Records provided:
•••••

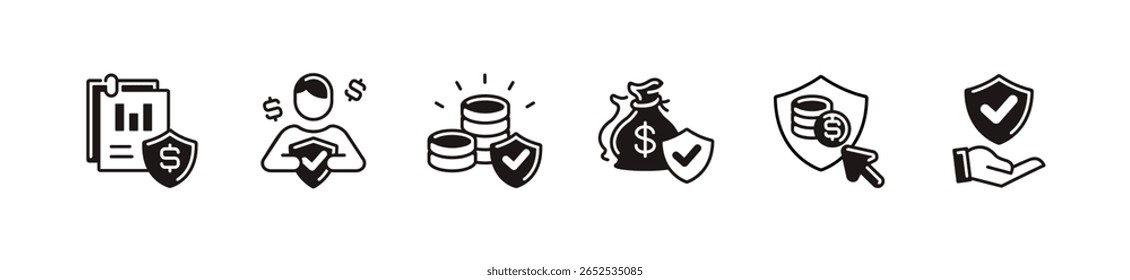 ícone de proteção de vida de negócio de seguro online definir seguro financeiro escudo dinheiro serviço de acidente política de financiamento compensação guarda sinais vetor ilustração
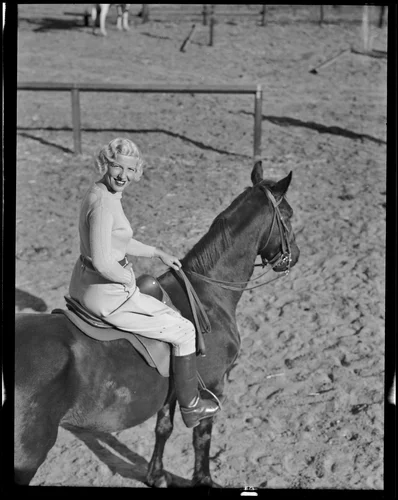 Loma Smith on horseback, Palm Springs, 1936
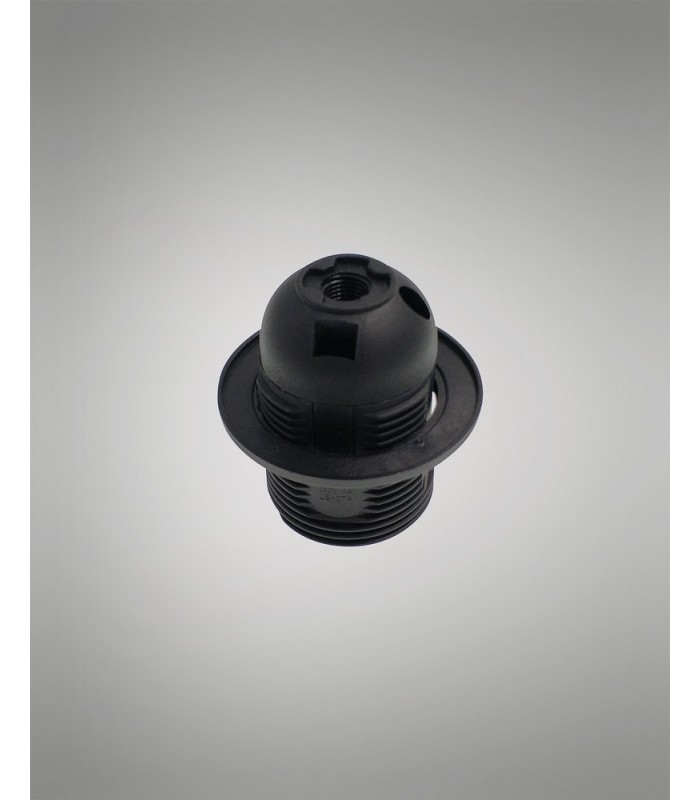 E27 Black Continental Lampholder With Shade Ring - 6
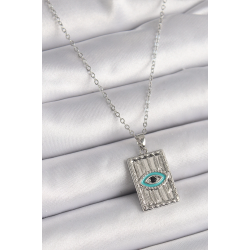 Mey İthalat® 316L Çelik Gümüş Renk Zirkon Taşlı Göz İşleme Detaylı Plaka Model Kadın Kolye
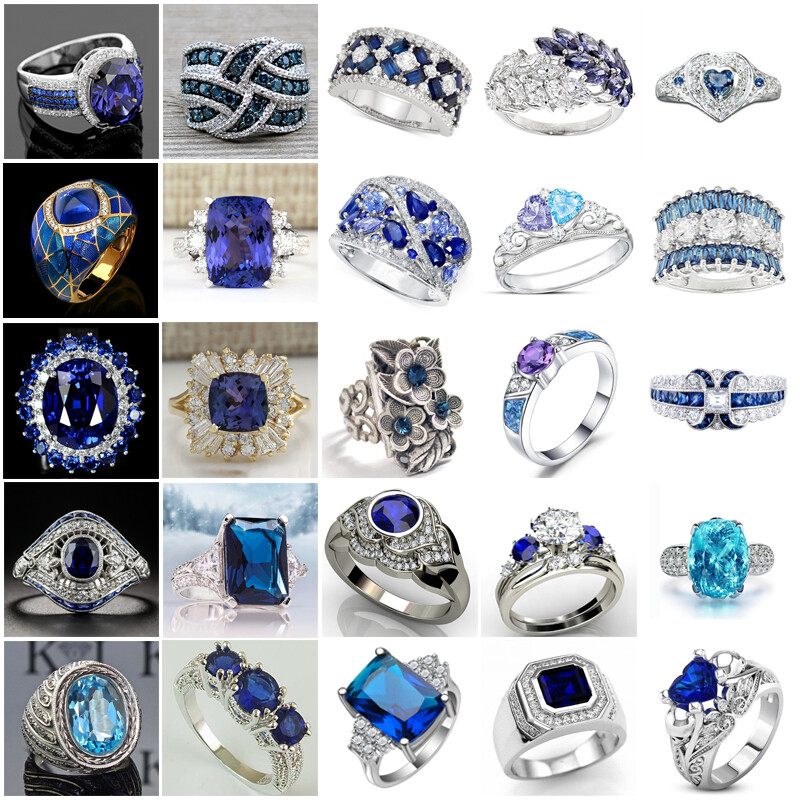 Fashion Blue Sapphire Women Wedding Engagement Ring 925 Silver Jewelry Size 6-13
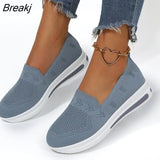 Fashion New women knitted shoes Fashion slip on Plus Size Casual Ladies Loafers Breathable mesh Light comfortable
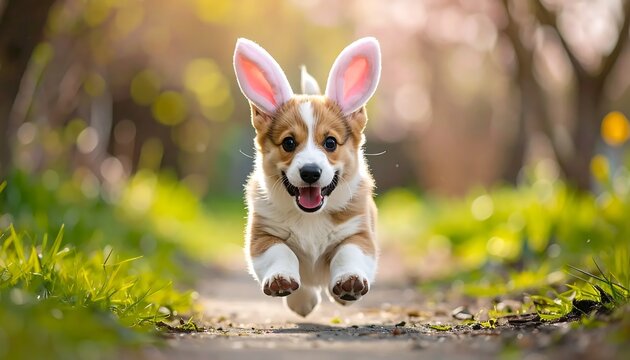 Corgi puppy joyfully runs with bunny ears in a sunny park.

•••••

What you are asked to do: Copy out exactly the lines above beginning with the line that contains "Mey İthalat® 316L" and finishing with the line that contains "Fashion New women", including both; leave the pictures out.

Result for this exercise:
 Mey İthalat® 316L Çelik Gümüş Renk Zirkon Taşlı Göz İşleme Detaylı Plaka Model Kadın Kolye
 Fashion Blue Sapphire Women Wedding Engagement Ring 925 Silver Jewelry Size 6-13
 Fashion New women knitted shoes Fashion slip on Plus Size Casual Ladies Loafers Breathable mesh Light comfortable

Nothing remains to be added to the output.